Transcribe the listing below verbatim, omitting pictures.

■ **SOURCE DATA**:
_ _ _ _

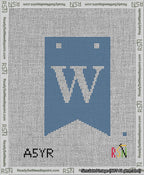 A taped needlepoint canvas with the design: Banner 13 mesh count Forked W White on Blue.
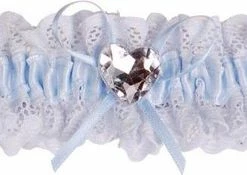 S.Y.W Kousenband Blauw Kant Met Strikje En Strass Hartje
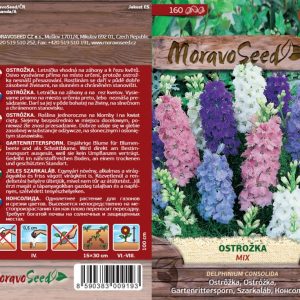 Ostrožka mix - různobarevné květy (růžové, fialové, bílé) ve venkovské zahradě s listnatým pozadím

_ _ _ _

■ **ANSWER TO THIS PROBLEM**:
 A taped needlepoint canvas with the design: Banner 13 mesh count Forked W White on Blue.
 S.Y.W Kousenband Blauw Kant Met Strikje En Strass Hartje
 Ostrožka mix - různobarevné květy (růžové, fialové, bílé) ve venkovské zahradě s listnatým pozadím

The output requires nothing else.